I looked at this map & is no where complete or full!


----------



## Deleted member 9332 (Mar 22, 2015)

Preacher said:


> @nanoperception Thx. It would get imported in through KLM import. The paths do parallel the rail lines, but are several miles off. There is so much data in a rail map also that I think it would take a really long time to load and for someone to navigate around too. I think that's something that needs to stay an map unto itself. I have a link up in the description to a very good, very detailed rail map. I really do appreciate you taking the time to submit something, though. Don't let this put you off.

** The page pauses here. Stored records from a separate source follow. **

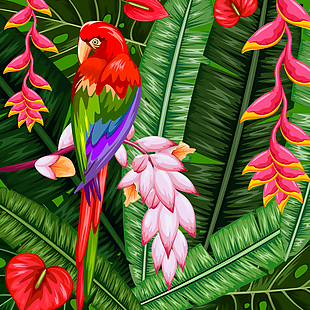 热带丛林里的美丽鹦鹉插画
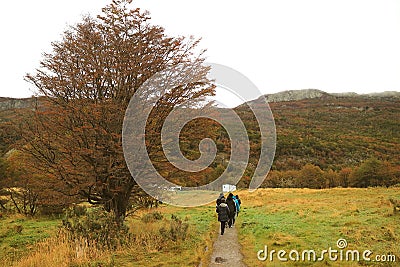 Group of People Hiking Amongst Scenic Fall Foliage in Tierra del Fuego National Park, Patagonia, Argentina, South America Stock Photo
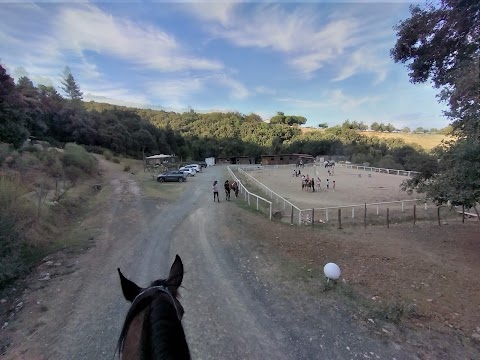 Centro Equestre Il Baio Oscuro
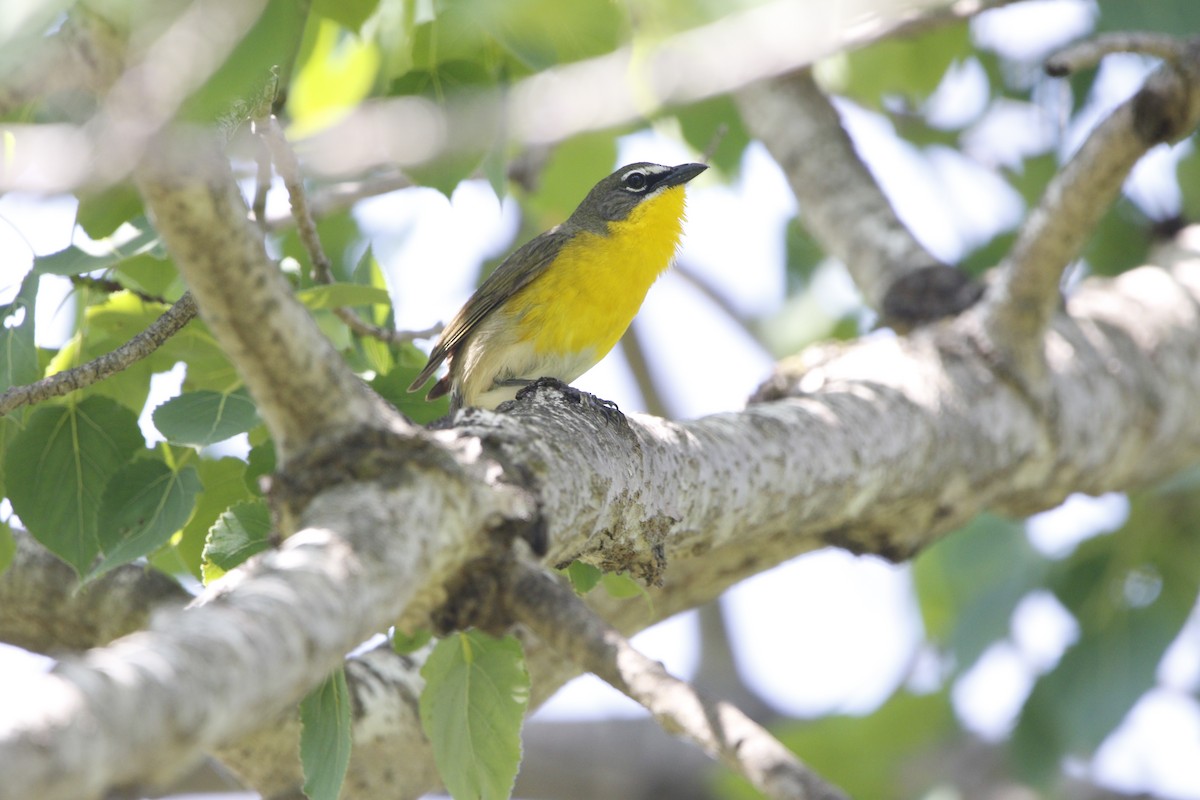 Yellow-breasted Chat - ML582682091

Wow, i can't believe i didn't check the accuracy before i posted this, that map isn't very precise. Also you're right it should be it's own map, and a link in the desc. of what? can't find what you're talking about rn, but that's probably just because im high, my bad. So, sorry i submitted useless information that was already available, I'll double check next time! 

@highwayman
Yeah, I know, my bad. I thought it was better at first glance but after a little more looking around it's very obviously neither accurate nor detailed enough.


----------



## Preacher (Mar 22, 2015)

@nanoperception In my map's description. 

 
Traveler's Helper 
Free, interesting and useful places, items and businesses for travelers, squatters, bums and all the Citizens Of The Outside. Be as detailed as you can and put the pin as close as you can. Leave in your Handle if you want credit. If you want to update an existing pin but don't have access, place another one next to it and add the info. Remember, if you use something off of the map DON'T BLOW IT UP or this will eventually get password protected. Lets keep it open for everyone. THX!!!!! For interactive rail maps see http://www.openrailwaymap.org/ 

And excuse that the map is a mess right now, I just imported a big file and it messed up a bunch of existing pins.


----------



## Deleted member 9332 (Mar 23, 2015)

@Preacher 
wow, can't believe i missed that SMH at myself.


----------